If we happen to be awake then, we question him: "How are we to know that thou art come from him indeed?" The messenger says, "Look! I have this ring from him. How lovely are its hues and charms!"
Ah, doubtless it is his—indeed, it is our wedding ring. Now all else passes into oblivion, only this sweet symbol of the touch of the eternal love fills us with a deep longing. We realise that the palace of gold where we are has nothing to do with us—our deliverance is outside it—and there our love has its fruition and our life its fulfilment.
What to the bee in nature is merely colour and scent, and the marks or spots which show the right track to the honey, is to the human heart beauty and joy untrammelled by necessity. They bring a love letter to the heart written in many-coloured inks.
I was telling you, therefore, that however busy our active nature outwardly may be, she has a secret chamber within the heart where she comes and goes freely, without any design whatsoever. There the fire of her workshop is transformed into lamps of a festival, the noise of her factory is heard like music. The iron chain of cause and effect sounds heavily outside in nature, but in the human heart its unalloyed delight seems to sound, as it were, like the golden strings of a harp.
It indeed seems to be wonderful that nature has these two aspects at one and the same time, and so antithetical—one being of thraldom and the other of freedom. In the same form, sound, colour, and taste two contrary notes are heard, one of necessity and the other of joy. Outwardly nature is busy and restless, inwardly she is all silence and peace. She has toil on one side and leisure on the other. You see her bondage only when you see her from without, but within her heart is a limitless beauty.
Our seer says, "From joy are born all creatures, by joy they are sustained, towards joy they progress, and into joy they enter."
Not that he ignores law, or that his contemplation of this infinite joy is born of the intoxication produced by an indulgence in abstract thought.

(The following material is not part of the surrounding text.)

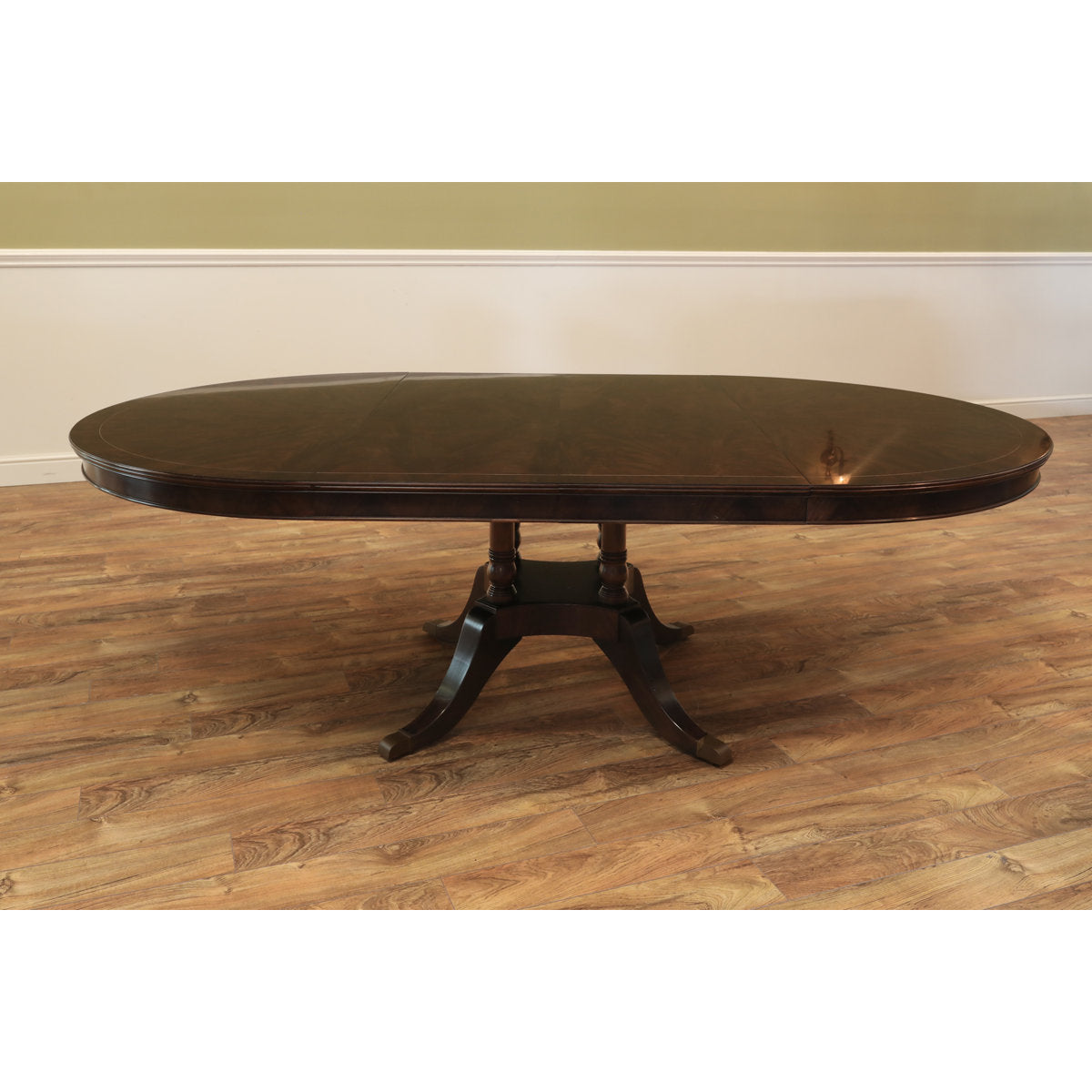Mahogany Wood Dining Table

He fully recognises the inexorable laws of nature, and says, "Fire burns for fear of him (i.e. by his law); the sun shines by fear of him; and for fear of him the wind, the clouds, and death perform their offices." It is a reign of iron rule, ready to punish the least transgression. Yet the poet chants the glad song, "From joy are born all creatures, by joy they are sustained, towards joy they progress, and into joy they enter."
The immortal being manifests himself in joy-form. [Footnote: Ānandarūpamamritam yad vibhāti.] His manifestation in creation is out of his fullness of joy. It is the nature of this abounding joy to realise itself in form which is law. The joy, which is without form, must create, must translate itself into forms. The joy of the singer is expressed in the form of a song, that of the poet in the form of a poem. Man in his rôle of a creator is ever creating forms, and they come out of his abounding joy.
This joy, whose other name is love, must by its very nature have duality for its realisation. When the singer has his inspiration he makes himself into two; he has within him his other self as the hearer, and the outside audience is merely an extension of this other self of his. The lover seeks his own other self in his beloved. It is the joy that creates this separation, in order to realise through obstacles of union.